Updated previous comment to incorporate additional feedback from @canonizer @jrhemstad and @dumerrill.

Changes:

• Added static_assert(std::is_integral<SizeT>::value) to Device function body.
• Use unsigned offsets instead of signed -- since we'll be porting these algorithms incrementally, we can afford to spend some time fixing any issues that arise from the change in signedness. This avoids surprises when SizeT is uint32 vs int32 (the former would be forced to use int64 signed offsets otherwise).
• Added note that there's no point in optimizing for sizeof(OffsetT) < 4, since hardware will promote to 4B anyway.

[jrhemstad]

Use unsigned offsets instead of signed -- since we'll be porting these algorithms incrementally, we can afford to spend some time fixing any issues that arise from the change in signedness. This avoids surprises when SizeT is uint32 vs int32 (the former would be forced to use int64 signed offsets otherwise).

I just happened to be re-reviewing this issue and noticed this.

We should be very careful about forcing things to unsigned. Using unsigned types for loops/indexing can impact performance as the compiler isn't usually able to unroll a loop that uses an unsigned loop variable as it has to allow for the unsigned type to overflow whereas it can assume a signed type will not overflow.

[jrhemstad]

How many OffsetT should we support in the deduction?
We'll need to explicitly add tests for each type we support, so I think two should be plenty: int32 and int64 uint32 and uint64.

I'm revisiting this conversation after a while and I wanted to double check that our current thinking is to infer the OffsetT from the user-provided iterator and we'll always statically select uint32_t or uint64_t?

If that's the case, I understand the motivation of simplifying things to always use an unsigned type, but I am still concerned about the performance implications of always using unsigned like I mentioned in my earlier comment.

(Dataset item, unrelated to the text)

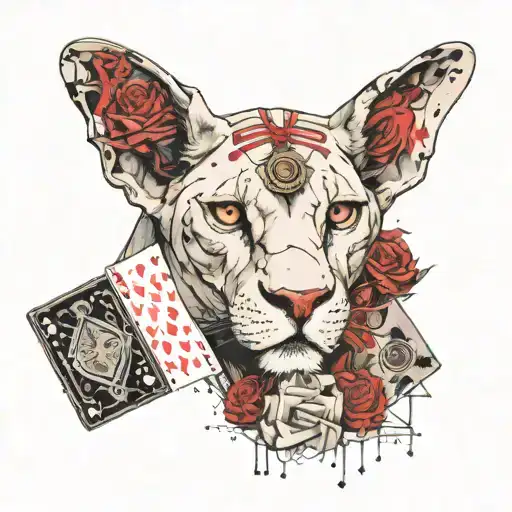 Sphinx with roses and playing cards in steampunk style tattoo design idea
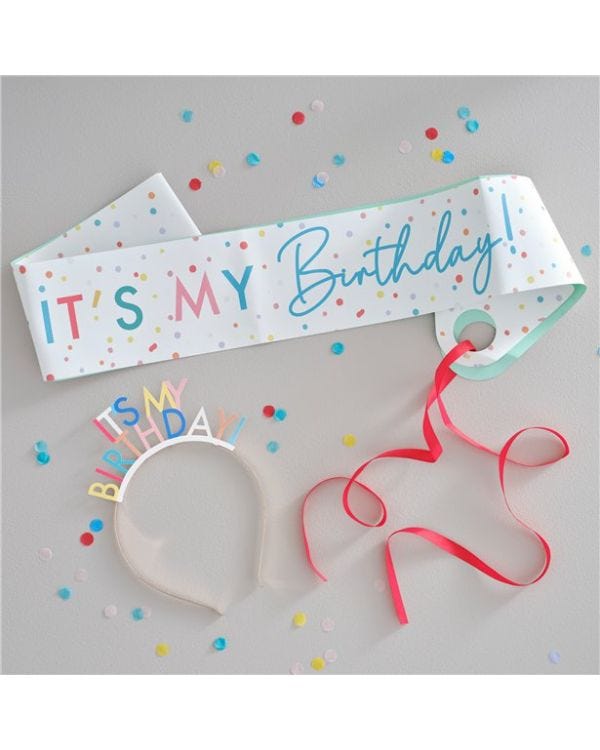 It&#039;s My Birthday Paper Sash &amp; Headband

That said, I am also sympathetic to the extra testing burden that would come from having to test with 4 offset types instead of 2. Though do we really need to explicitly test all 4 offset types? I'd think any bugs that would show up from using a signed offset type would stem from overflow that CUB can't do anything about anyways, right?

[jrhemstad]

I'm going to close this in favor of NVIDIA/cccl#47 where we will be distill the relevant conclusions from the discussion here.